Table of contents
- What does a good coaching session look like?
- What role does speech analytics play in call center training?
- Always provide specific examples during training sessions
- Use sentiment analysis for “temperature checks”
- Tailor each coaching session to agent skill level and development needs
- Automated scorecards foster objectivity
- Set goals incremental, achievable goals
Every agent has the potential to be your best contact center agent. As a manager and coach, it’s your job to bring out the greatest potential in your agents. But, coaching your agents isn’t always easy.
A successful coaching session starts with knowledge. Data collected from calls gives you the power to create an objective and personal coaching session. This one-on-one guidance helps you mold agents to be the best they can be.
Tools that drill down into details of each call help you effectively coach and improve the performance of your agents.
So, just how can you coach your best contact center agents?
What does a good coaching session look like?
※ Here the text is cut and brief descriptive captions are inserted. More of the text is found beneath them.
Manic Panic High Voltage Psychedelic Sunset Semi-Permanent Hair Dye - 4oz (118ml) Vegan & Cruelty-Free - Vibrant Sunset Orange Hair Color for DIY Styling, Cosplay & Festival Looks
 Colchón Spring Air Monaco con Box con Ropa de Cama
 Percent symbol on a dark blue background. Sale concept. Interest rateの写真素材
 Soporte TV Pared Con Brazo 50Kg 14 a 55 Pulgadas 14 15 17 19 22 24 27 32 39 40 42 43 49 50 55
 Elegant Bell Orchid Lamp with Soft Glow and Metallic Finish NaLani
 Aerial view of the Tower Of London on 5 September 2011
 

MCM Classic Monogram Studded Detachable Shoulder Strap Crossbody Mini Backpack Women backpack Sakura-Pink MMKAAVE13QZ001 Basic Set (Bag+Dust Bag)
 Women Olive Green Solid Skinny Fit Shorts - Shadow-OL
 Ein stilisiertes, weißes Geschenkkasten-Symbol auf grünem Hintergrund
A good coaching session builds trust and helps your agents develop skills. You can create a learning environment that does just that by tying performance back to data.
To build trust you can:
- Use constructive language
- Make it personal
Making sure your agents develop new skills you can:
- Provide specific examples
- Role play
- Coach in real time
- Point out positives as well as negatives
Creating a learning environment that is objective and the lessons pointed might seem like a fine line to walk. The good news is that speech analytics can help your coaching efforts in almost every scenario.
What role does speech analytics play in call center training?
Speech analytics help you develop a better understanding of the processes in your contact center. Thanks to advances in the field it has the ability to drill down deeper into conversations. Better conversation transcription, sentiment analysis, real-time analysis, and collaboration with artificial intelligence (AI) make it an indispensable tool.
Speech analytics gives you the ability to provide objective, personalized, and productive training sessions. It’s the perfect tool to coach your best contact center agents.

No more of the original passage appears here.